Inoltre, sul fronte dell’export la domanda di prodotti ad esempio che i paesi dell’Africa sub-Sahariana sono in grado di esportare (principalmente materie prime) è cambiata ben poco, con il risultato che ci sono stati margini

ristretti di aumento dell’export, fatta eccezione per il petrolio.

Dopo dieci anni, la Wto sembra avere completamente fallito gli obiettivi esposti nel suo stesso atto costitutivo. Non solo le promesse relative allo sviluppo, alla piena occupazione ed alla tutela ambientale non sono state mantenute, ma la strada intrapresa sembra andare in direzione decisamente opposta.
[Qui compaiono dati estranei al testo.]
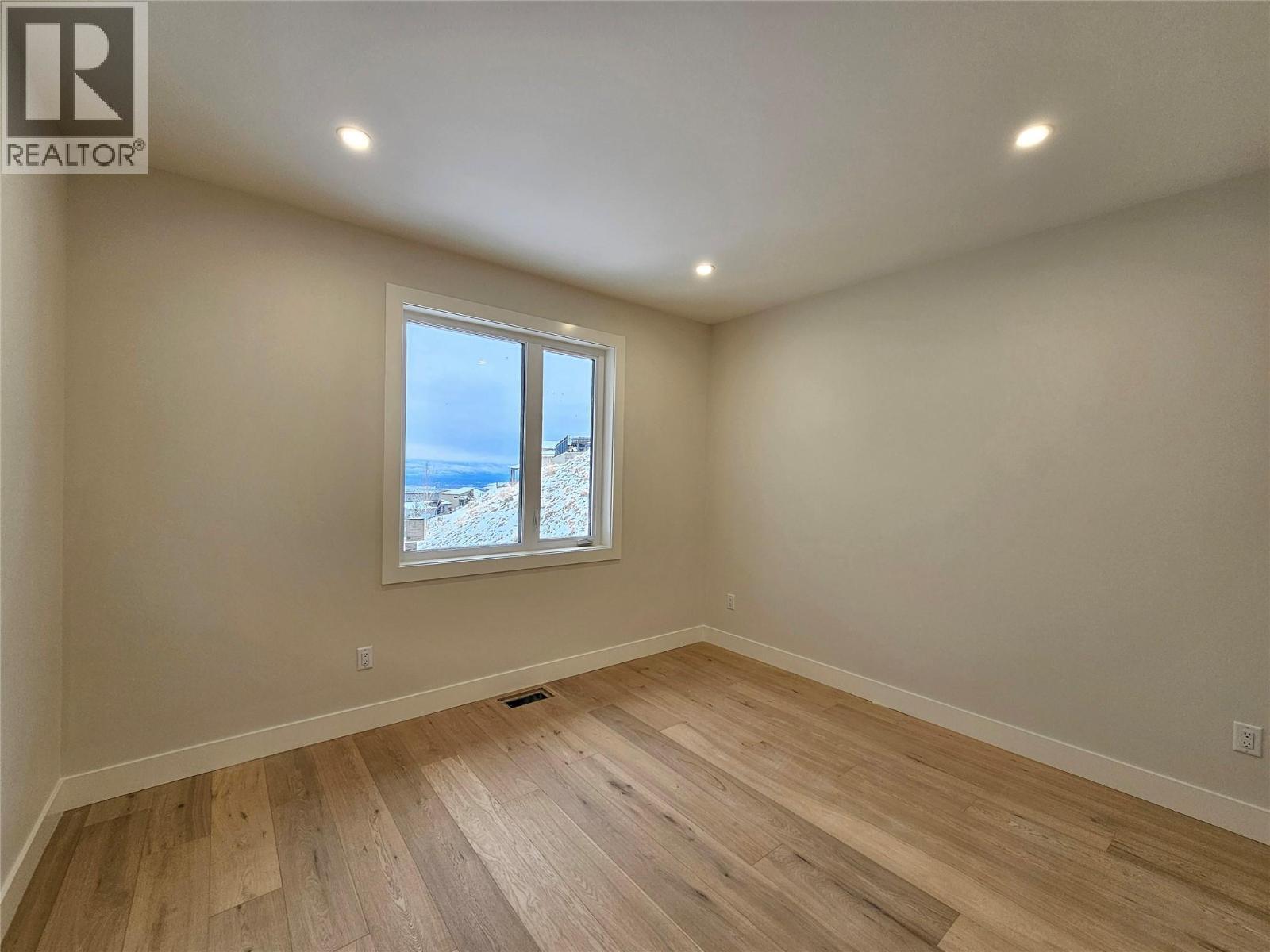 1122 Carnoustie Drive, Kelowna, BC - Indoor Photo Showing Other Room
Stiamo assistendo ad una “corsa verso il fondo” a livello globale per quanto riguarda l’ambiente e la tutela dei diritti fondamentali dei lavoratori e dei cittadini.

Gli stati sono chiamati ad eliminare qualsiasi legislazione che possa ostacolare il libero commercio.

In primo luogo sono gli stessi accordi presi in sede Wto a limitare progressivamente lo spazio di manovra politica delle singole nazioni.

In maniera ancora più generale, però, i paesi sono costantemente impegnati in una concorrenza reciproca nel tentativo di accaparrarsi e mantenere il cosiddetto vantaggio comparato sul piano internazionale.

Questo significa una progressiva tendenza al ribasso delle tutele legislative ambientali e sociali, per diminuire i costi di produzione o per attrarre capitali esteri.